DESCRIPTION: The complete sequencing of the human genome has provided an unprecedented opportunity for the study of the structure and function of the human genome. While our genome has historically been viewed as a linear sequence of bases, it has progressively become clear that this is an inadequate way to represent our genetic information. Notably, research over the last 30 years has begun to shed light on the fact that the higher-order, 3-dimensional organization of our genome plays a critical role in the interpretation of the genetic information encoded in our genome. The structure of our genome in the nucleus has been clearly demonstrated to play influential roles in diverse nuclear processes including DNA replication and gene expression. Despite this, our understanding of the structure of our genome within the nucleus remains incomplete. The reasons for this include limitations in the resolution and throughput of existing tools in chromatin topology mapping, a scarcity of the analytical tools for studying genome structure datasets, and the difficulty to relate the nuclear structure to function. Due to recent advancements in molecular methods based on high-throughput DNA sequencing, single cell analytical approaches, and high-resolution microscopy, the time for breaking through these previous limitations has come. We will establish a highly collaborative, innovative team in order to develop the tools necessary to transform our understanding of chromatin architecture and function in mammalian cells. We will begin by developing datasets that establish gold standards for the study of nuclear structure and function using genetic, biochemical and imaging approaches. We will optimize current existing technologies for mapping genome wide chromatin interactions, while also developing novel, complementary approaches for studying chromatin structure. We will also develop innovative analytical methods to interpret the chromatin structural data, unraveling principles of structural- and temporal- chromatin organization. Our highly collaborative team will draw on the diverse experiences of its members to provide a synergistic environment to push the limits of our understanding of nuclear structure. We expect that the tools and datasets generated through the proposed research will dramatically advance our understanding of the chromatin structure and function in human cells.

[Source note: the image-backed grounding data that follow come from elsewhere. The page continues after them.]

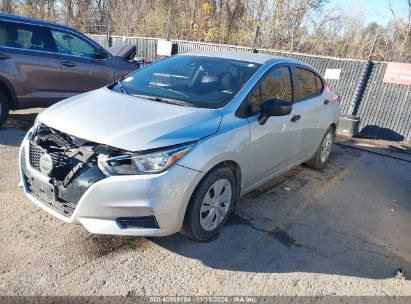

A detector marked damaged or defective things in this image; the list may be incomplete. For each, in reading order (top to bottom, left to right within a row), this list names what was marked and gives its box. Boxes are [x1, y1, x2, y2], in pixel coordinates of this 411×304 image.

crumpled hood [38, 87, 224, 151]
damaged front bumper [18, 127, 205, 236]
cracked headlight [98, 143, 195, 176]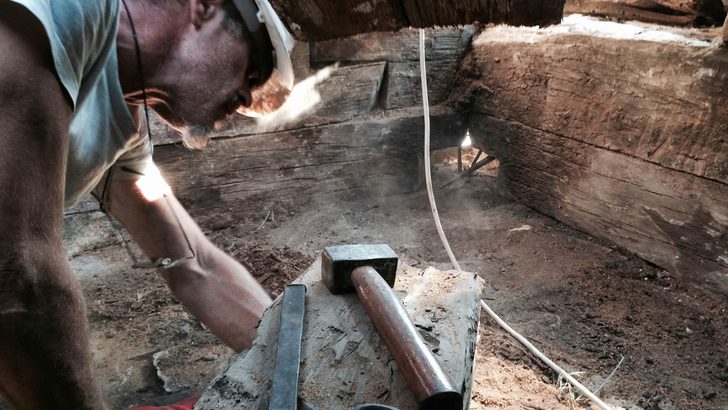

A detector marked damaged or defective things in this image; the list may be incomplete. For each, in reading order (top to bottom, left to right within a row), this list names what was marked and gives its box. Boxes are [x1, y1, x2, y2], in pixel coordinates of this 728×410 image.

rusty metal rod [352, 266, 460, 410]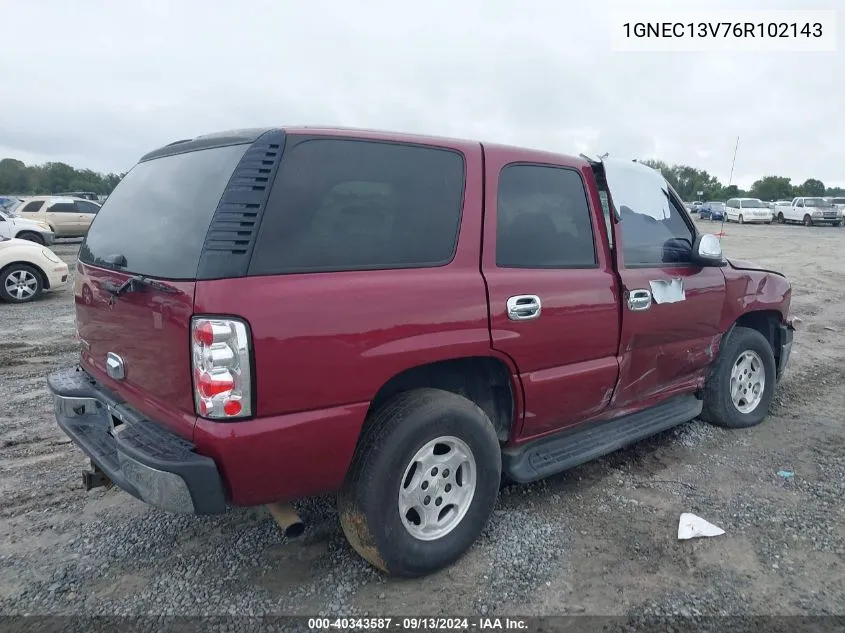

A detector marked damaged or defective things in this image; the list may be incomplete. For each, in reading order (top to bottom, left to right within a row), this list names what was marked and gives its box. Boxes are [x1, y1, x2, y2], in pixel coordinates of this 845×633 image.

damaged red suv [51, 126, 792, 576]
dented front door [600, 159, 724, 410]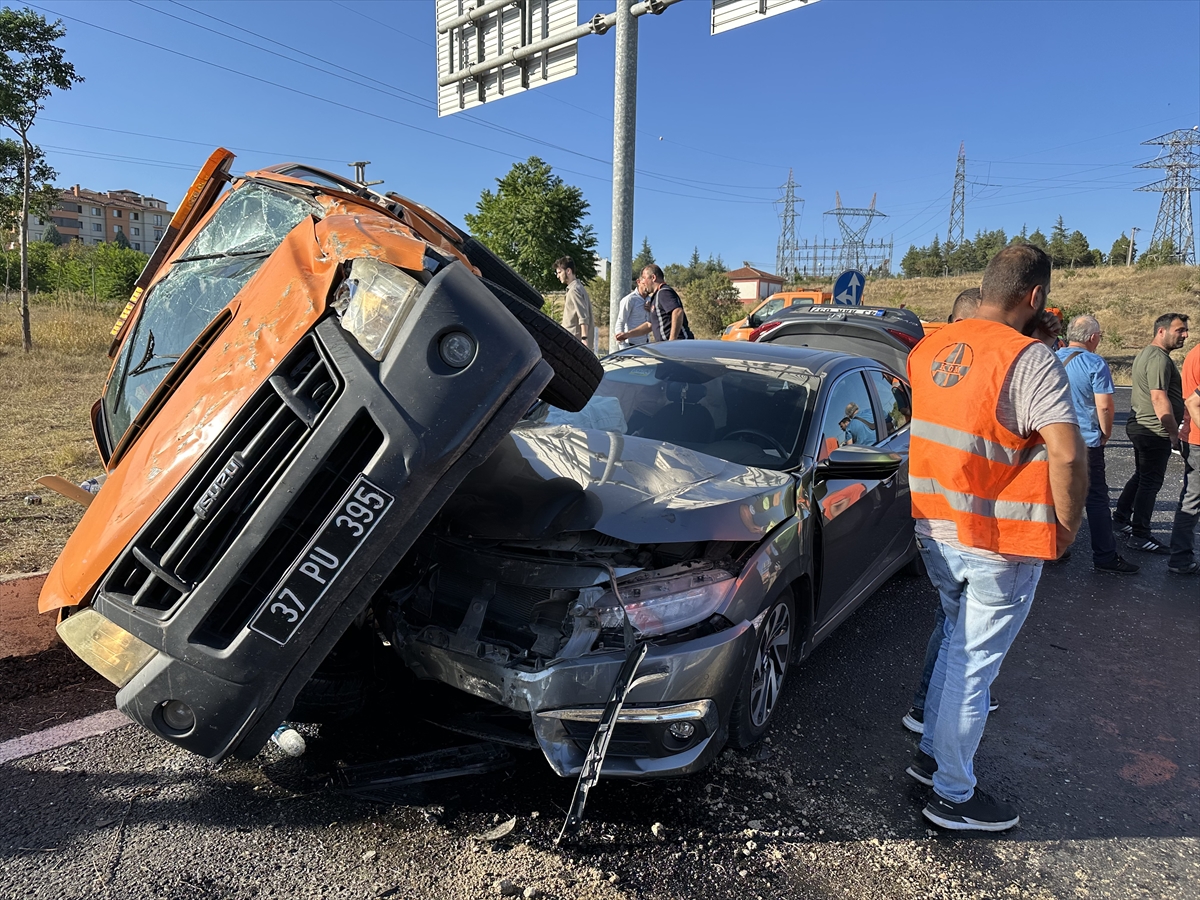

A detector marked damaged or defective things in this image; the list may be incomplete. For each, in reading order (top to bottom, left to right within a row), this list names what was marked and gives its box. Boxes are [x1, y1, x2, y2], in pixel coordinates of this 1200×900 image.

描述：人类基因组的完整测序为研究人类基因组的结构和功能提供了前所未有的机会。尽管我们的基因组历史上一直被视为碱基的线性序列，但逐渐清楚地表明，这是代表我们遗传信息的一种不足的方法。值得注意的是，在过去的30年中，研究开始揭示了以下事实：我们基因组的高阶，三维组织在解释我们基因组中编码的遗传信息的解释中起着关键作用。已经清楚地证明了我们基因组在细胞核中的结构在包括DNA复制和基因表达在内的潜水核过程中起影响作用。尽管如此，我们对细胞核内基因组结构的理解仍然不完整。其原因包括染色质拓扑映射中现有工具的分辨率和吞吐量的局限性，用于研究基因组结构数据集的分析工具的稀缺性以及将核结构与功能相关的困难。由于基于高通量DNA测序，单细胞分析方法和高分辨率显微镜的分子方法的最新进展，因此出现了这些先前局限性的时间。我们将建立一个高度协作，创新的团队，以开发改变我们对哺乳动物细胞中染色质体系结构和功能的理解所需的工具。我们将首先开发使用遗传，生化和成像方法来研究核结构和功能的黄金标准的数据集。我们将优化当前的现有技术来绘制基因组广泛的染色质相互作用，同时还开发了研究染色质结构的新颖，完整的方法。我们还将开发创新的分析方法来解释染色质结构数据，并揭示结构和临时染色质组织的原理。我们高度合作的团队将借鉴其成员的不同经验，以提供一个协同的环境，以推动我们对核结构的理解的局限性。我们希望通过拟议的研究生成的工具和数据集将极大地提高我们对人类细胞中染色质结构和功能的理解。